_About this task_
Go to the line containing "Woman's Silhouette Merging" in the material below. From there to the end, retype every line exactly and drop the pictures.

_Recorded information_
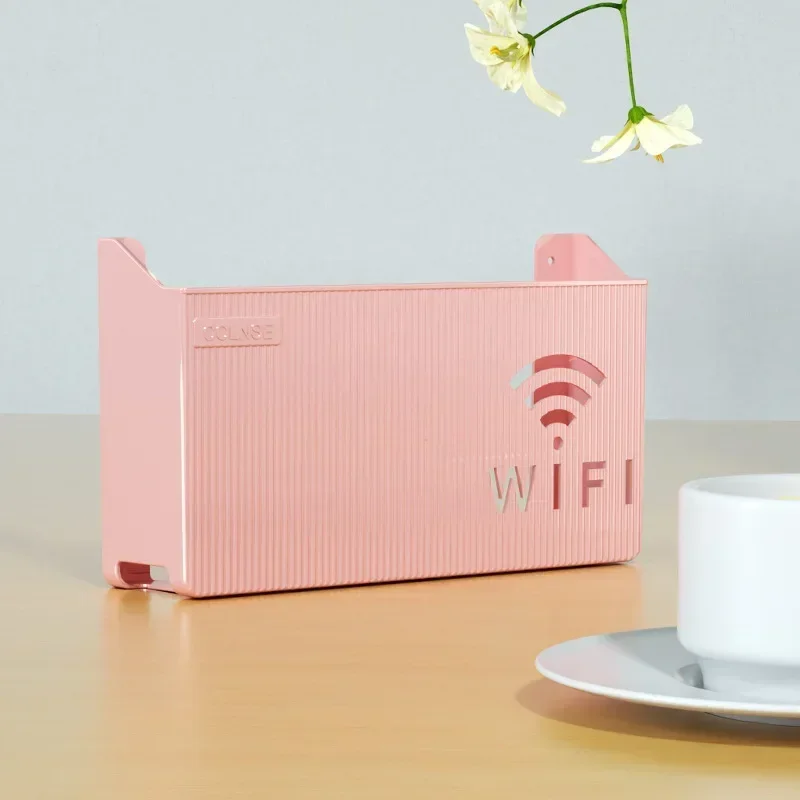 Wireless Wifi Router Storage Box Plastic Wall-mounted Cable Power Bracket Organizer Shelf Home Decor cajas organizadoras: Pink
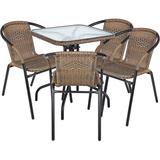 BTEXPERT Indoor Outdoor 28" Square Tempered Glass Metal Table Brown Rattan Trim + 4 Brown Restaurant Rattan Stack Chairs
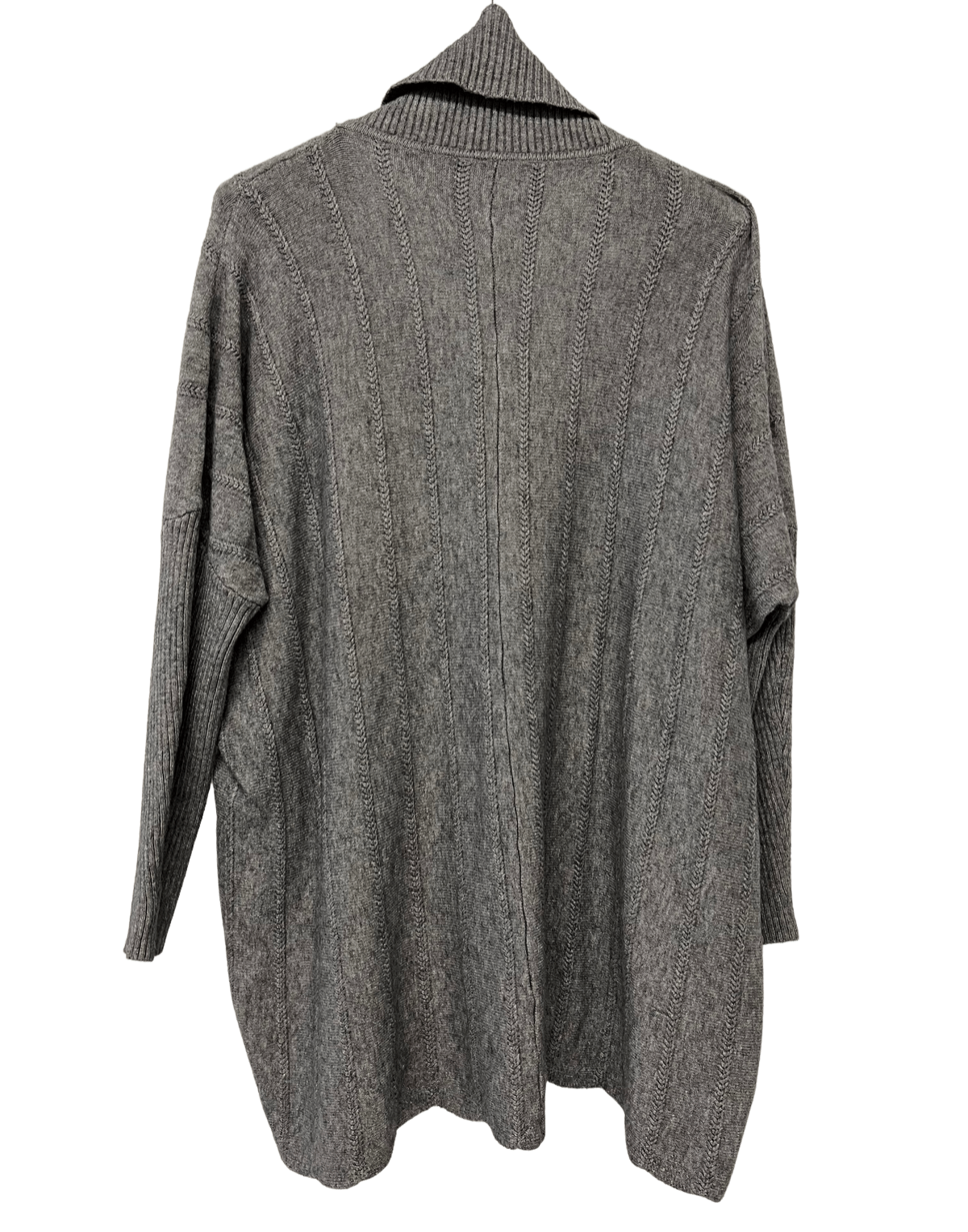 Cowl Neck V Shape Design Pocket Jumper In Grey
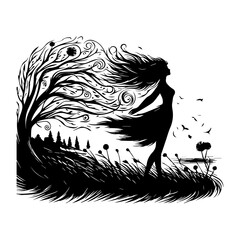 Woman's Silhouette Merging with Nature's Elements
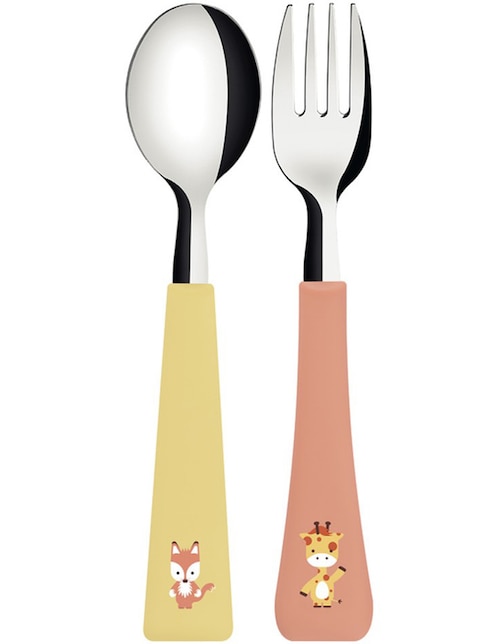 Set cubiertos Baby Frien de acero inoxidable 2 piezas 1
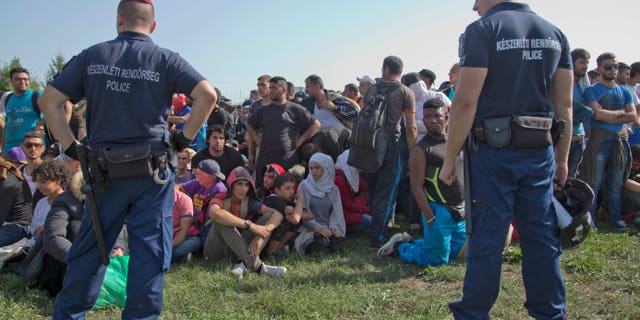 Sept. 18, 2015 - Migrants wait after disembarking from Croatian buses in Baranjsko Petrovo Selo, at the Hungarian border, northeast Croatia. Croatia has sent buses full of migrants to Hungary after the country's prime minister said it could not cope with the influx.
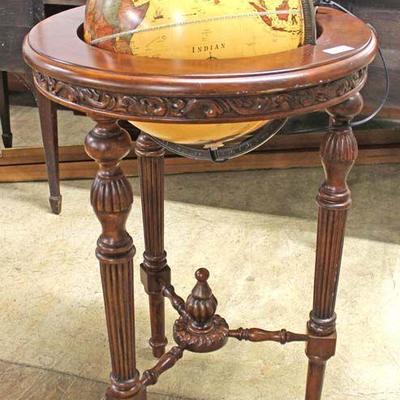  Contemporary Lighted World Globe on Mahogany Stand by “Maitland Smith Furniture” – auction estimate $200-$400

_Completed task_
 Woman's Silhouette Merging with Nature's Elements
 Set cubiertos Baby Frien de acero inoxidable 2 piezas 1
 Sept. 18, 2015 - Migrants wait after disembarking from Croatian buses in Baranjsko Petrovo Selo, at the Hungarian border, northeast Croatia. Croatia has sent buses full of migrants to Hungary after the country's prime minister said it could not cope with the influx.
  Contemporary Lighted World Globe on Mahogany Stand by “Maitland Smith Furniture” – auction estimate $200-$400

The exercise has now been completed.